A deputada Silvia Waiãpi (PL-AP) afirmou que o veto à tese principal prevista no PL do Marco Temporal é um “atentado contra a própria soberania nacional”. A parlamentar apontou que, por exemplo, a impossibilidade de construção de estradas nessas regiões gera dificuldade da chegada de saúde e educação em algumas comunidades indígenas e “condena o povo ao isolamento”.
Para Waiãpi, “com certeza” os vetos de Lula cairão no Congresso. Além disso, ela ressaltou que a decisão sobre o Marco Temporal pode impactar na tramitação de outras pautas importantes para o governo. A deputada afirmou ainda que o veto causa “instabilidade jurídica” e que os parlamentares já estão se articulando e esperando a documentação oficial para definir o próximo passo no Parlamento.
Marco temporal gerou atrito entre Congresso e STF
A discussão sobre o Marco Temporal colocou o Congresso e o Supremo Tribunal Federal (STF) em rota de colisão ao longo dos últimos meses, em que os parlamentares alegaram que os magistrados estavam interferindo na separação entre os Poderes da República ao analisar ações que pediam demarcações.
No final de setembro, os ministros do STF derrubaram a tese por 9 votos a 2. A decisão foi vista por parlamentares como “usurpação de competências”, o que levou o Legislativo a avançar com o projeto de lei que estabelece o Marco Temporal, que foi aprovado no Senado por 43 a 21 apenas seis dias após o julgamento no Supremo.
“Há contínua usurpação de competência pelo Supremo Tribunal Federal em temas como legalização das drogas, descriminalização do aborto, direito de propriedade e legítima defesa, entre outros”, questionou a Frente Parlamentar da Agropecuária (FPA), em nota, após a decisão do STF.

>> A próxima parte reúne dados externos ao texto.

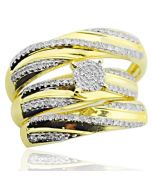 10K Yellow Gold Trio Rings Set His and Her Rings 1/4ctw Diamonds 14mm Wide (i2/i3, i/j)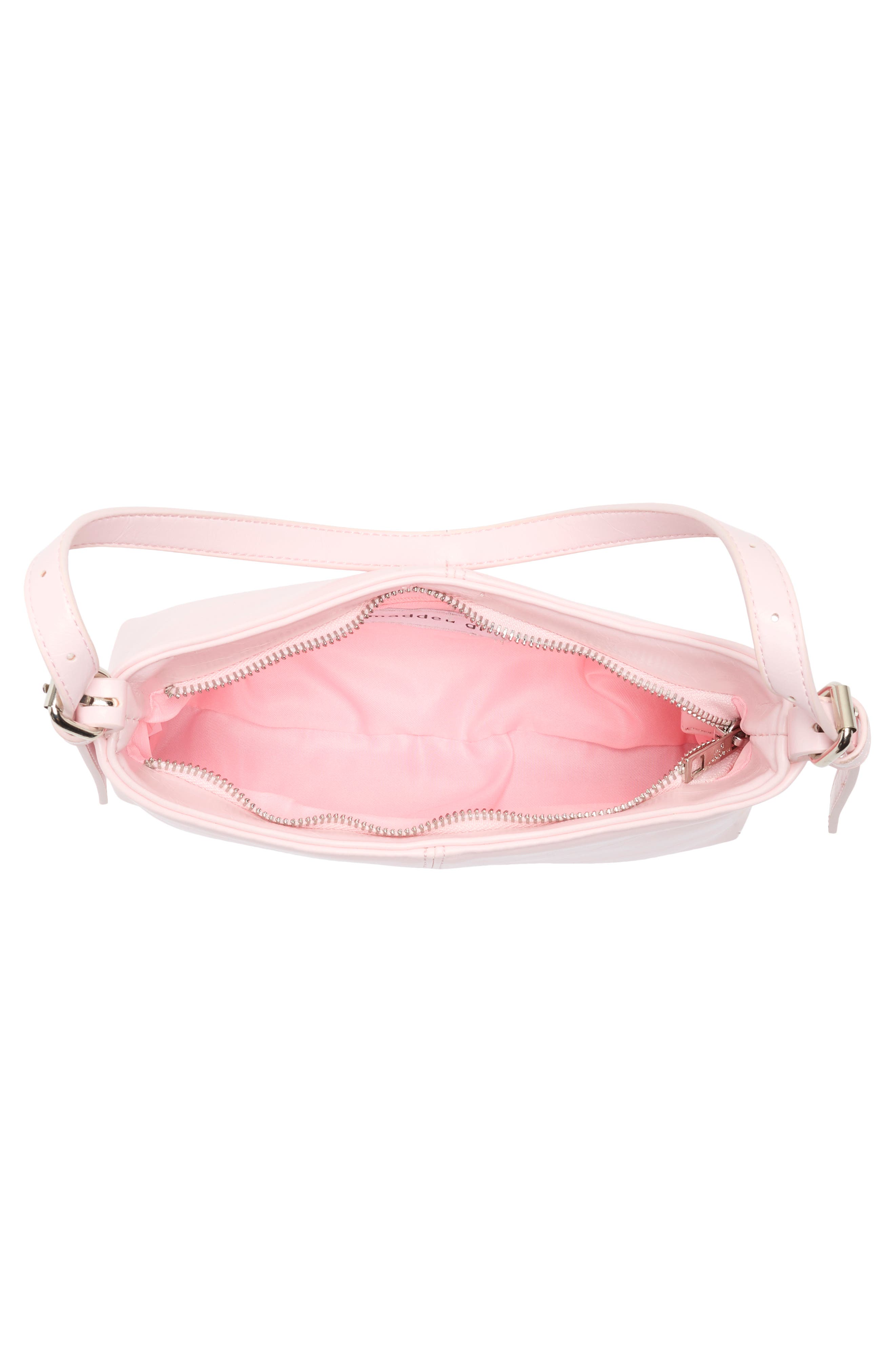 Crinkle Faux Leather Shoulder Bag, Alternate, color, PRIMROSE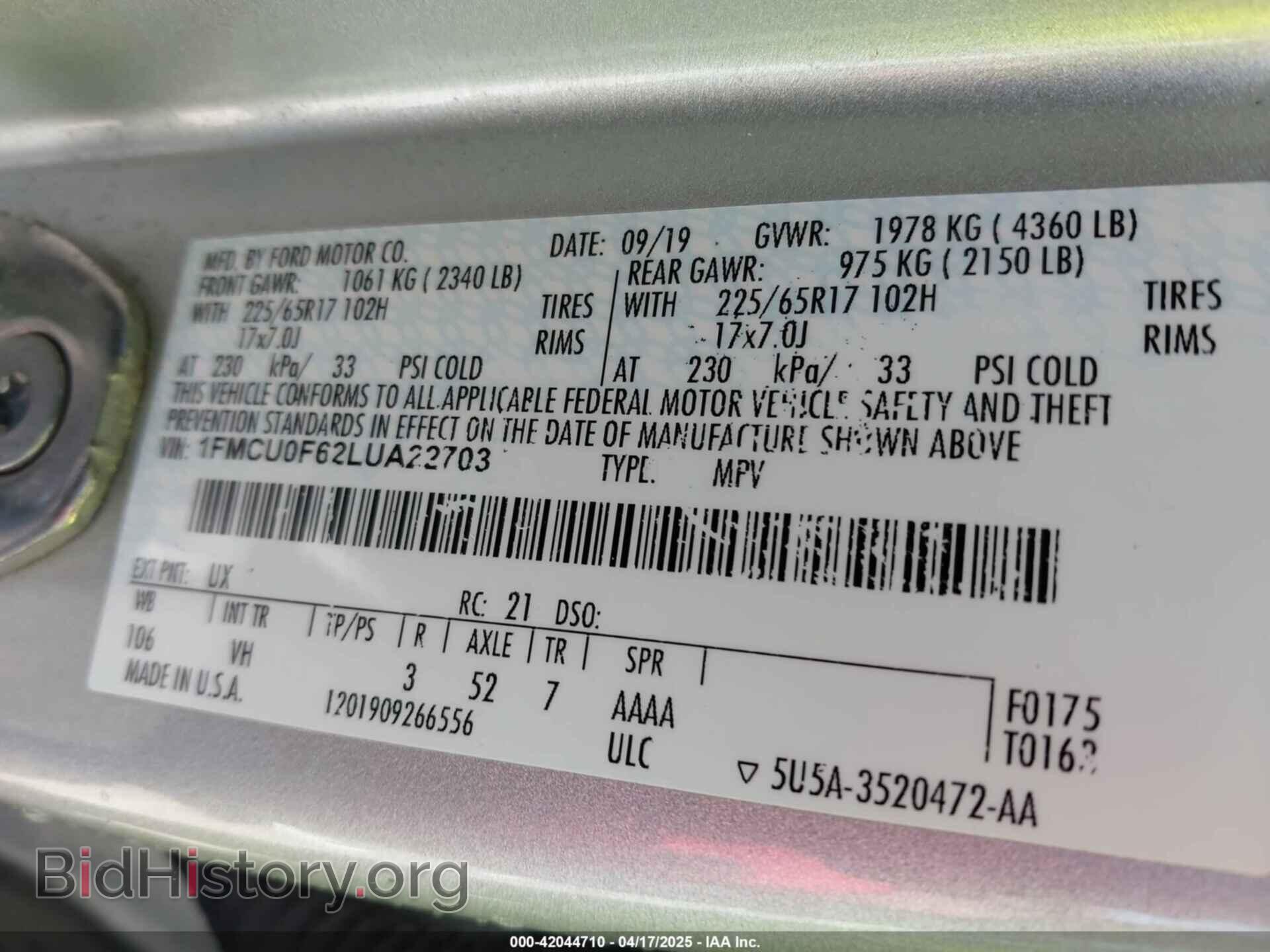 2020 FORD ESCAPE - VIN: 1FMCU0F62LUA22703 - Photo 9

O resultado do julgamento foi alvo de intensas críticas, sobretudo vindas de produtores rurais, que temiam que a medida motivasse uma enxurrada de invasões ilegítimas e pedidos de revisão de ações já julgadas no passado.
Mesmo no STF, a decisão de derrubar o Marco Temporal não foi unânime e gerou debates principalmente na possibilidade do pagamento de uma indenização, por parte da União, a produtores rurais ou outros proprietários que venham a ser afetados pela demarcação.
Na prática, a decisão do Supremo permitia que áreas em que tribos indígenas não comprovassem que já residiam antes de 1988 – terras que podem ter sido invadidas pelas tribos, por exemplo – poderiam ser consideradas de propriedade das etnias.
De acordo com o Censo de 2022 do IBGE, atualmente há cerca de 600 mil indígenas vivendo em áreas já demarcadas, que correspondem a quase 14% do território brasileiro. Desde a aprovação do projeto de lei no Senado, ativistas da causa indígena organizaram forte mobilização para que Lula vetasse o projeto de lei.
A Articulação dos Povos Indígenas do Brasil (Apib) – entidade ligada à ministra dos Povos Indígenas, Sonia Guajajara – afirmou que o setor do agronegócio, ao encabeçar as tratativas para o avanço do Marco Temporal no Congresso, pretendia “mudar o rumo da história e agravar a crise climática”. “Uma medida que ignora o extermínio e expulsão de milhões de indígenas ao longo da história”, diz a entidade em um manifesto publicado nas redes sociais.
Por outro lado, a tese do Marco Temporal também não era unânime dentro do próprio governo. Enquanto que ministras como Marina Silva (Meio Ambiente) e Sonia Guajajara (Povos Indígenas) eram a favor, Carlos Fávaro (Agricultura) chegou a ser contra e, depois, passou a defender uma solução alternativa para contemplar os direitos dos povos originários e do agronegócio. Já Rui Costa (Casa Civil), Alexandre Padilha (Relações Institucionais) e o senador Jaques Wagner (PT-BA), líder do governo no Senado, eram a favor de parte da proposta.
Desde a campanha presidencial de 2022, Lula tem defendido a retomada dos processos de demarcação de territórios indígenas – foram oito demarcações oficializadas neste ano, e há expectativa de que mais seis sejam homologadas até dezembro.